To be honest, it could be everything. Inspiration is also something that’s hard to define – for me it’s more like an urge to do music, to create something. I’m definitely inspired when I had a good dinner with friends and go to the studio afterwards, or if I see something interesting in the morning, I might recall the memory in the afternoon and get into the studio, just seeing what I can do with that musically.
Do the ideas form in your head and you bring them to life or do they develop over time while in the producing process?
It can be both really, for some tracks I have an idea and I produce it just the way I already had it in my head. On some projects, you might not be able to finish it on the first try, so you keep working on it and keep coming back to it, until it’s ready at some point. I have some tracks upcoming that I started 3 years ago and just finished this year.
Does a producer nowadays have to be a DJ as well? I ask because in my time it was not at all necessary, in fact, i personally think it is two very different professions.
I’m not a DJ, so maybe I’m not the best guy to ask this question anyway, I think it’s two very different things. Technically you’re also dealing with different gear, so if you are a well-skilled DJ, that doesn’t mean you can write a track as good as the ones you’re playing. Production is more complex and has a lot of facets. You need to write a track first, then arrange it (even though these steps go hand in hand with DAW-based systems) and mix it down. I think to master all these things takes a lot of time, so maybe it’s even better to just stick to one thing. I’m doing live sets therefore, which is just more fun to me. I don’t see the need right now to start DJing.
How do you manage to finish a track, is it a coherent process or do you start, let them mature and get on them again – or both?
As I said before, it can really be both. It depends on my mood, sometimes I would get into the studio in a very positive, relaxed state of mind and finish a track in 2-3 hours. The other day I’m not that productive and maybe only finish the writing part of the track and might work on the sound-design a week later.
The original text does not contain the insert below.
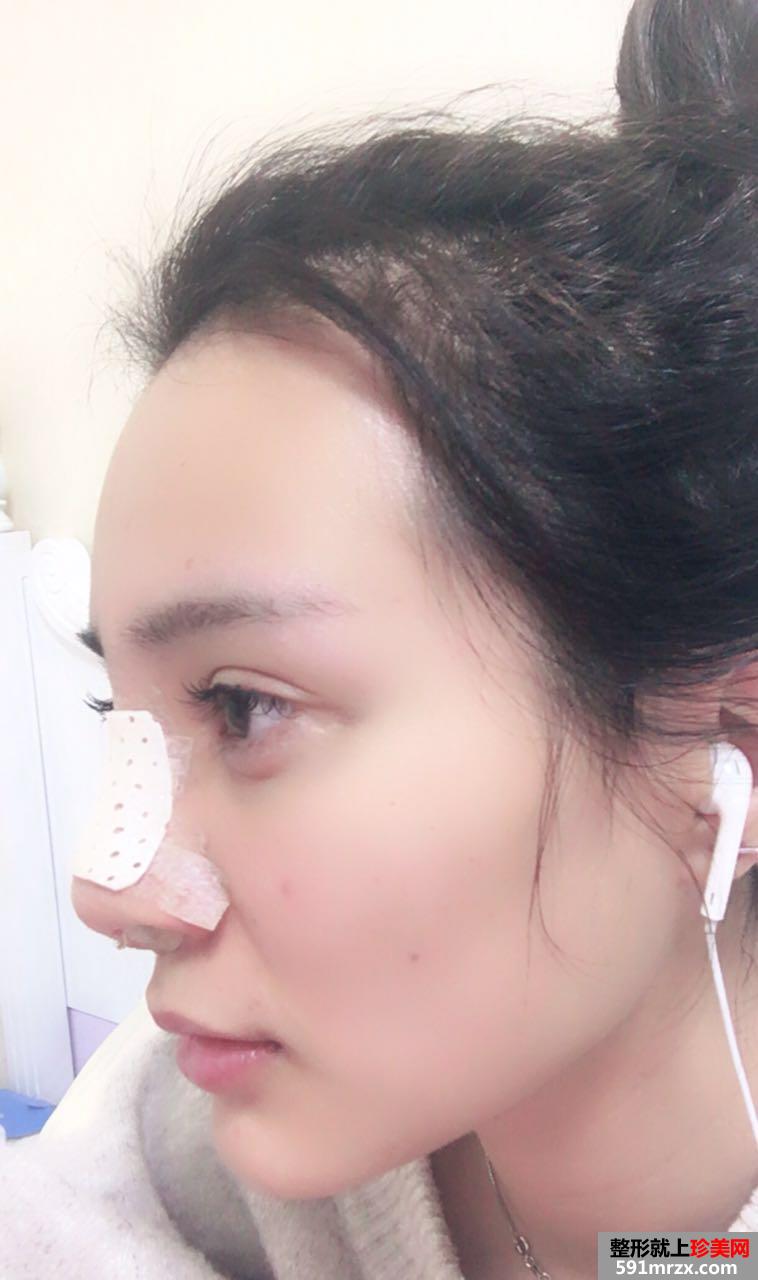 武汉一美整形医院隆鼻怎么样?真实案例分享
How important is for you the marketing factor, do you believe that a good producer without management has no chance and a ‘not-so-good’ (without saying bad directly) producer with a good management will succeed?
I’m not around long enough to be able to answer to this properly, but I think good music is good music – with or without marketing. Same for a weak track, somebody might pick it up because you have the right manager, but that track is not going to be better because of that. Personally, I just think that nowadays you need to present yourself in the right way, make it look interesting and attractive, and take care about the things around the music too.
Do you play live?
I only play live actually :)
Do you know our little island?
I do and I hope to come this summer again!
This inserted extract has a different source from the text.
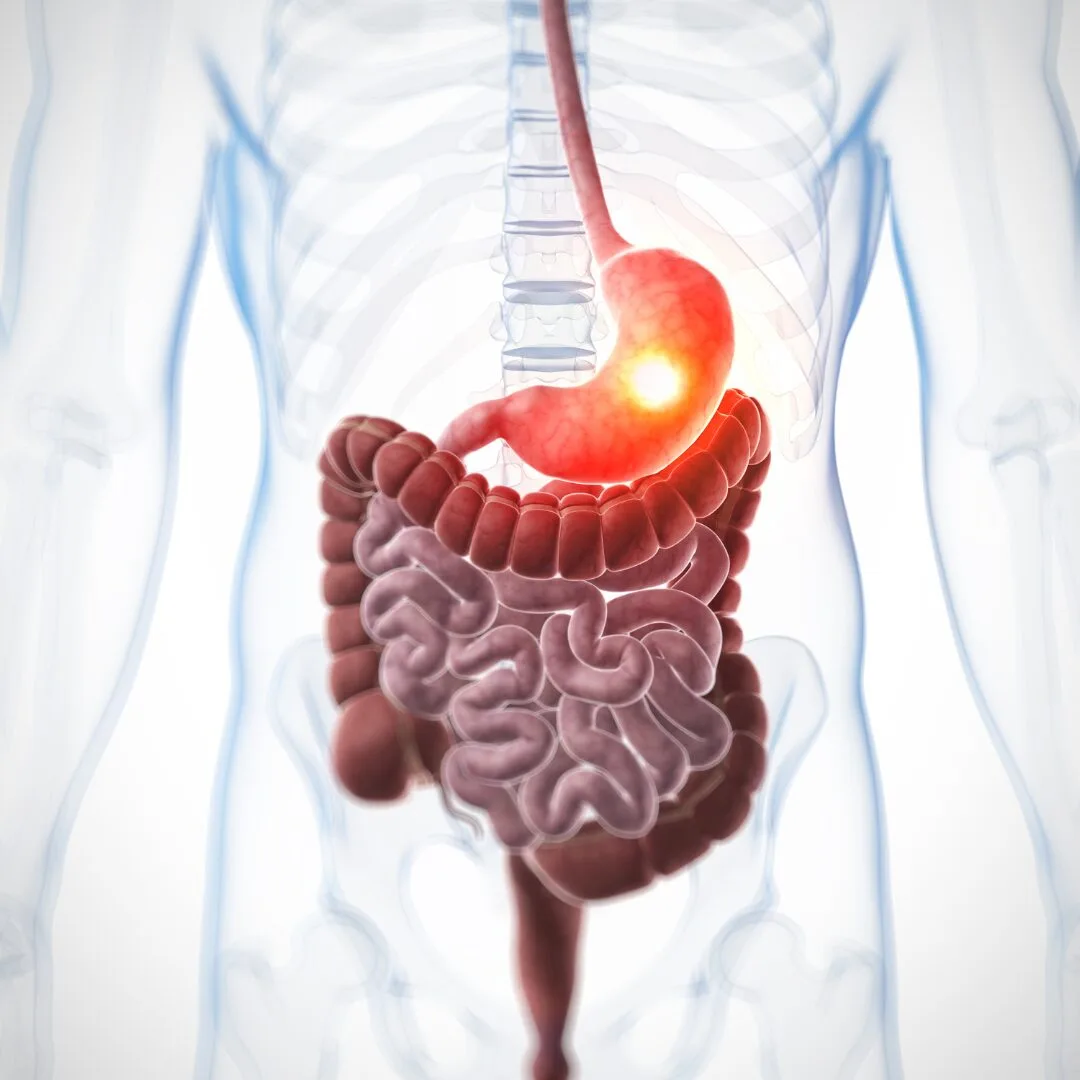 Tipurile cancerului gastric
What would you do if music didn’t exist?
I would probably be a writer or maybe an architect, I just like to create things.
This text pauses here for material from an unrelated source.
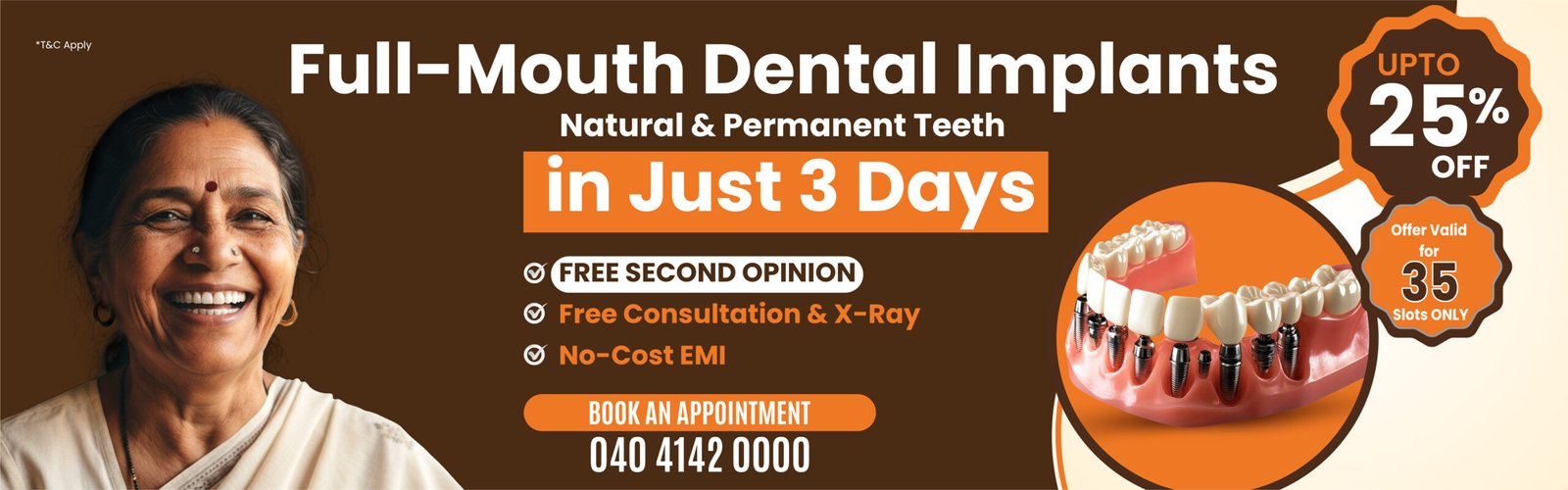 Up To 25% off on Full Mouth Dental Implants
Tim Engelhardt in 20 years?
Hopefully still happy, still writing music and living an interesting life.
Three things you would change in this world if you’d have a magic wand and could do it in an instant?
Well, that’s a tough one, but I would love to have peace in this world obviously. I think being able to teleport would be amazing too. Other than that, I’d change the music on the radio!
Tim, thanks so much for this interview, i am sure there is plenty of time to be able to enjoy your amazing productions, and i hope to see and hear you this year on Ibiza. Other than that, just keep groovin’, the world needs gifted producers like you more than ever.